# looking for Hickory



## Pipster (27 Nov 2011)

Im sorry if you have already read my other post about making drumsticks but this topic has it has spawned an seperate thread.
Can anyone recommend a supplier of Hickory spindle blanks or hickory dowels I am making my own drumsticks so I need minimum diameter of 1 inch (25mm) and minimum length of 18 inch (460mm)
Or can anyone recomend a different wood with the same qualities
IE ..can withstand impact
non flexing at narrow diameters
long / straight grain
heavy weight in relation to diameter and length ?

hickory tends to be used as tool handles (hammers ,pickaxe handles,spade handles etc) and , according to another member, the same stuff as used for old wooden golf club shafts so that gives you a good idea of what forces it needs to withstand
I have Googled "hickory dowel" , "hickory blanks" but when I connect to the web sites there is various hardwoods but NO hickory


----------



## paultnl (27 Nov 2011)

Why not get some old tool handles and use them?


----------



## Pipster (28 Nov 2011)

paultnl":2ccuyl9d said:


> Why not get some old tool handles and use them?



the price of tool handles is greater than the price of drumsticks and also I havent got a band saw


----------



## dennisk (28 Nov 2011)

As far as I know there are some Canadians and others playing baseball and perhaps hockey over there and perhaps you could source some hickory from broken bats or sticks, although I aware they use aluminum bats and synthetic sticks these days. Just an idea.


----------



## RogerP (28 Nov 2011)

Hickory is used for bow making so it may be an idea to trawl the various archery sites on the net. 

Here's one.


----------



## bugbear (28 Nov 2011)

Hickory is not really available as lumber in the UK to the best of my knowledge. This can be annoying if you read USA forums that routinely speak of using hickory for a "rough" project because it's tough and cheap!

For drumsticks, I would recommend buying hickory pick-axe (or mattock, same thing) handles. You should be able to get several drum stick out of that.

In the UK bowmakers have been known to 'W' splice two pickaxe handles together to make self-bows.

BugBear


----------



## Harbo (28 Nov 2011)

I bought some a couple of years ago from The Timber Mill now in Alresford, Hants.
Cannot say if they still have any after this time?

Rod


----------



## flh801978 (28 Nov 2011)

They do have some boards at Craft Supplies in bradwell


----------



## Chrispy (28 Nov 2011)

You should consider Hornbeam it is very similar to Hickory same weight etc. I know W.L.West & Sons in Petworth certainly used to stock it.


----------



## nev (28 Nov 2011)

http://www.exotichardwoods.co.uk/Woods_List/Hickory.asp


----------



## Jonzjob (28 Nov 2011)

Nobody has mentioned ash?

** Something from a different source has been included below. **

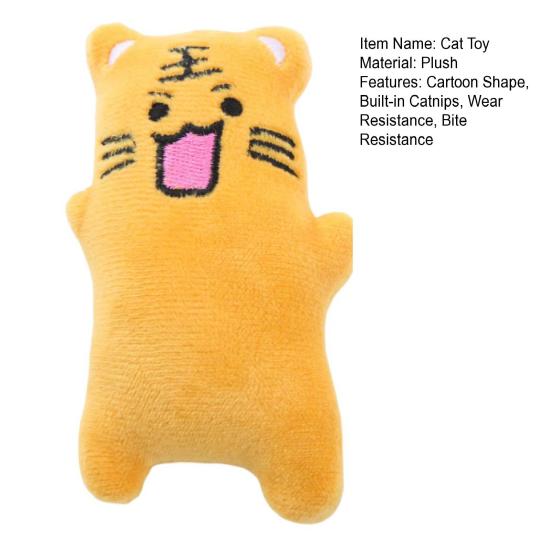 Cat Toy Bite-resistant Soft Cartoon Rabbit Shape Pet Cat Kitten Teaser Catnips Toy Pet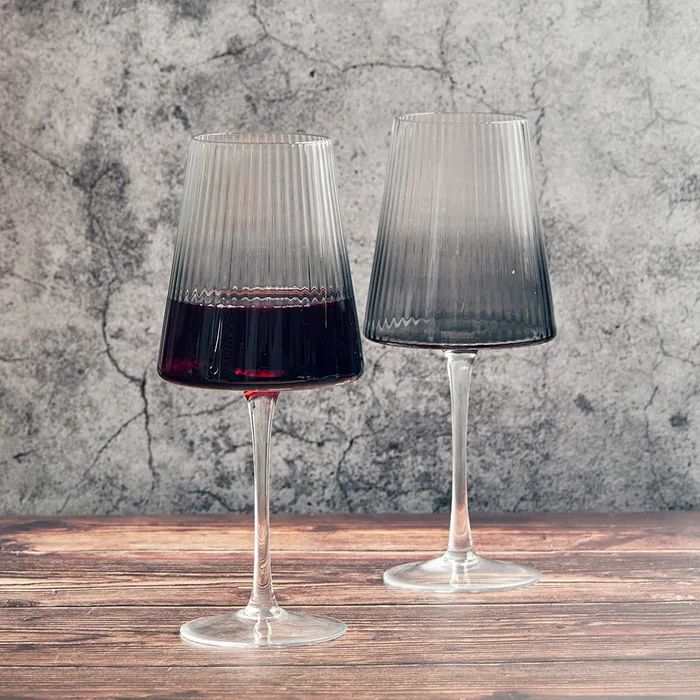 Anton Studio Empire Smoke Wine Glasses, Set of 2 - Image 7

If you get some straight grained wood you could rive it down to your blank size. It's as tough as old boots, that's why it's used for tool handles and the like.

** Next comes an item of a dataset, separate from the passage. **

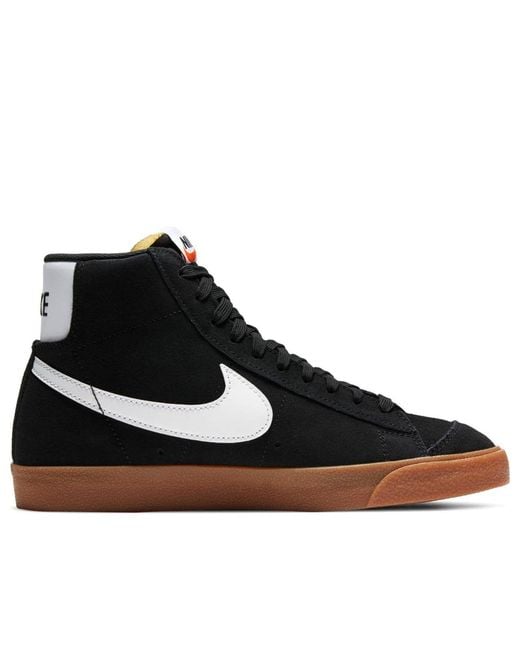 Nike Black (Wmns) Blazer Mid '77 Suede Gum'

How many drum sticks do you intend making?


----------



## Harbo (28 Nov 2011)

Oops - sorry it was Hornbeam I bought!

Rod


----------



## katellwood (28 Nov 2011)

During my apprentiship one of my jobs was fixing hooks to the end of 2" dia hickory poles. These were known as shunting poles and were used by shunters for coupling railway wagons together in shunting yards. They were pivoted over the buffer and the hook placed on the coupling chain to couple the wagons together. The shunter would then keep the pole hooked to the coupler and with the centre of the pole on the buffer he would sit on the outer end of the pole and ride along as the train moved supporting himself on the body of the wagon. They snapped on a regular basis and as such I had a regular supply of 2" hickory 

I do not know if this practice is still used, if so you could try rail yards or factories where rail transport is still regularly used. 

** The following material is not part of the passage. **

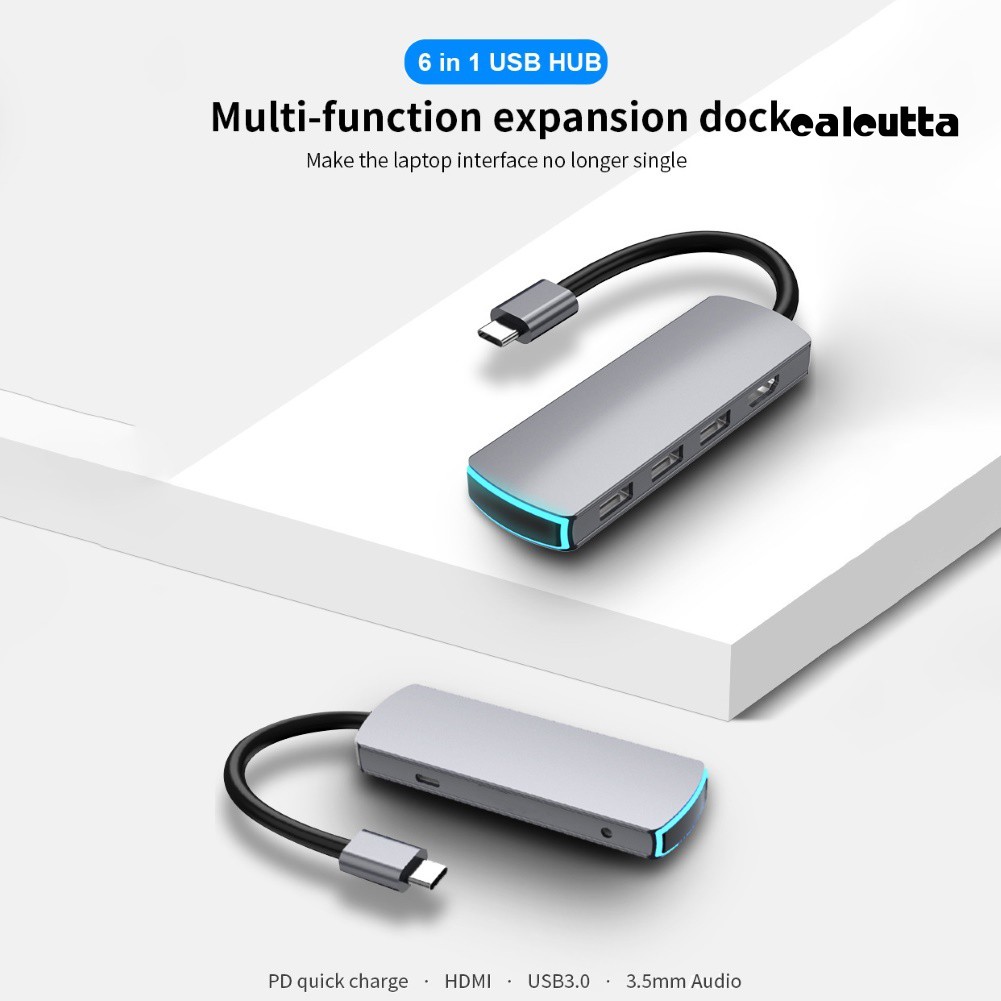 Bộ Chuyển Đổi Nhiều Cổng Type-C Sang 4k Hdmi Usb 3.0 Pd Cho Macbook Air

A bit of a long shot I know but you asking for hickory took me back 36 years


----------



## nugget (28 Nov 2011)

I'm sure Trev in newark has a load. He's very inexpensive and gets good postal rates, he will aslo cut to size.
01636 821828


----------



## Bill Mooney (29 Nov 2011)

Go to your city railway station & ask about old or broken shunting poles, these are usually hickory. Hope it helps.


----------



## richburrow (1 Dec 2011)

This guy has got loads!!!!
Not just what he has listed here, I have seen pallet at least two pallets of hickory at his yard. Nice guy as well  
Send him a message

http://stores.ebay.co.uk/gibson-cra...b=5304048&_sid=95426979&_trksid=p4634.c0.m322


----------



## bugbear (2 Dec 2011)

Jonzjob":13g6smrl said:


> Nobody has mentioned ash? If you get some straight grained wood you could rive it down to your blank size. It's as tough as old boots, that's why it's used for tool handles and the like.



Ash is Europe's supreme handle making timber, and is tough and springy.

But it's not as tough as hickory, and doesn't have hickory's remarkable shock resistance. Hickory is also split resistant, which ash (as you allude to with your notion of riving it) isn't.

That's why in the UK we import hickory for premium tool handles instead of just using Ash.

Hickory is remarkable (and nearly unique) stuff.

BugBear


----------